## [Prompt]
Copy exactly. Include the line containing "Smart Light Blue", every line after it, and the last line below, but no pictures.

*** Begin section ***

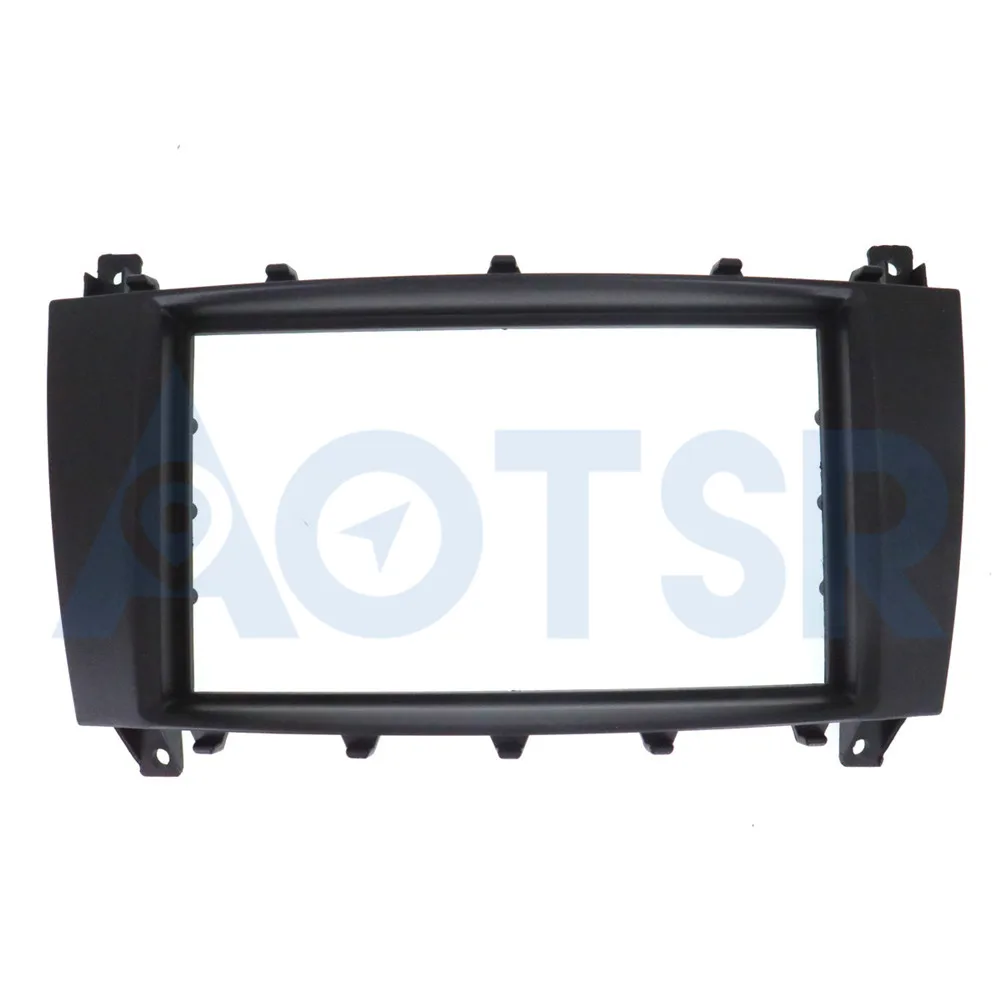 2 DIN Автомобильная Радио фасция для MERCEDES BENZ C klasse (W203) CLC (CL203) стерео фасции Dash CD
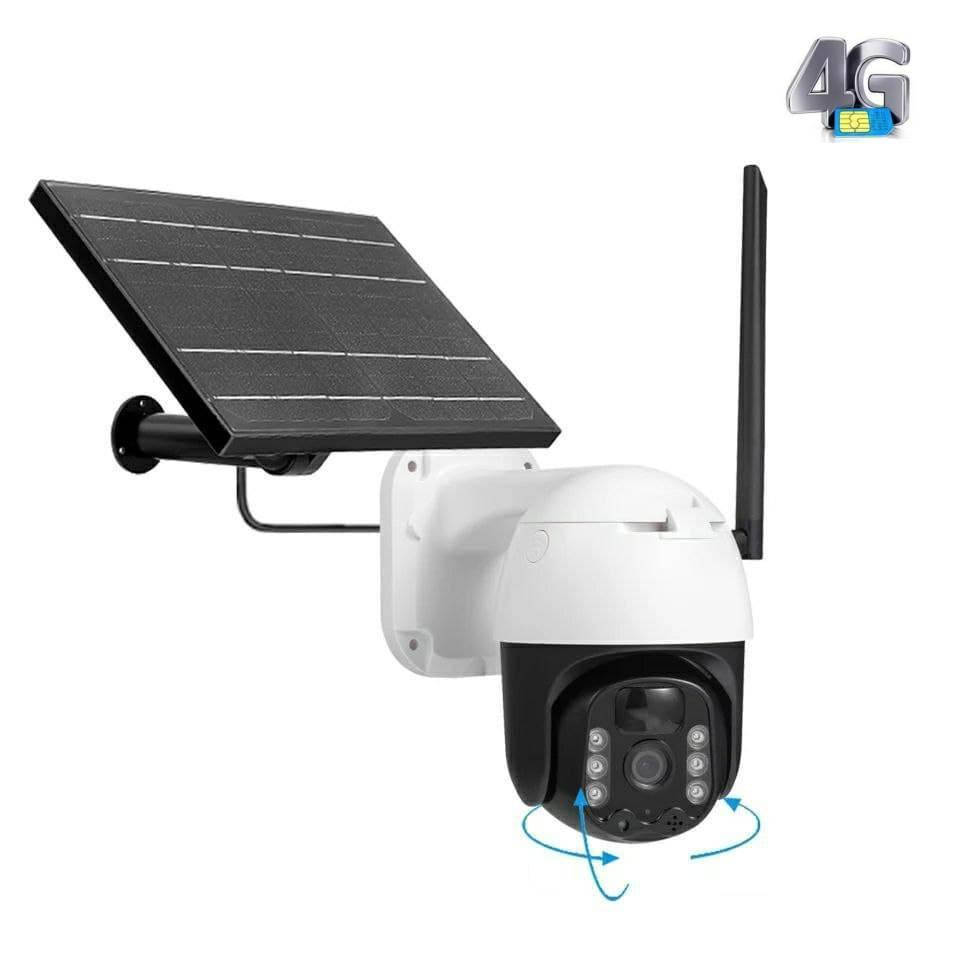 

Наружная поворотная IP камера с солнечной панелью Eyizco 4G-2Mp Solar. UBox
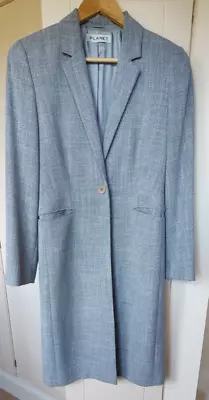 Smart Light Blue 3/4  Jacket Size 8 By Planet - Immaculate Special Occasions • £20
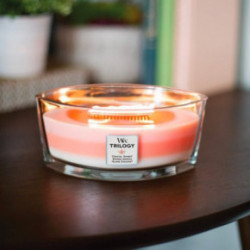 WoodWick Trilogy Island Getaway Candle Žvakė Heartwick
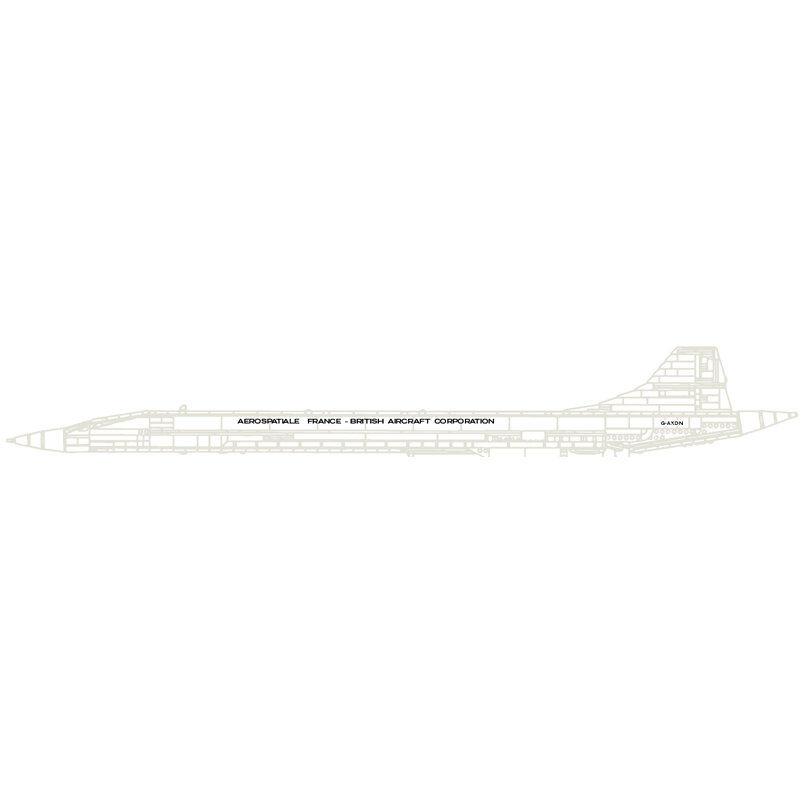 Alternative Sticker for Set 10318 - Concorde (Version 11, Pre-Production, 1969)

*** End section ***

## [Answer area]
 Smart Light Blue 3/4  Jacket Size 8 By Planet - Immaculate Special Occasions • £20
 WoodWick Trilogy Island Getaway Candle Žvakė Heartwick
 Alternative Sticker for Set 10318 - Concorde (Version 11, Pre-Production, 1969)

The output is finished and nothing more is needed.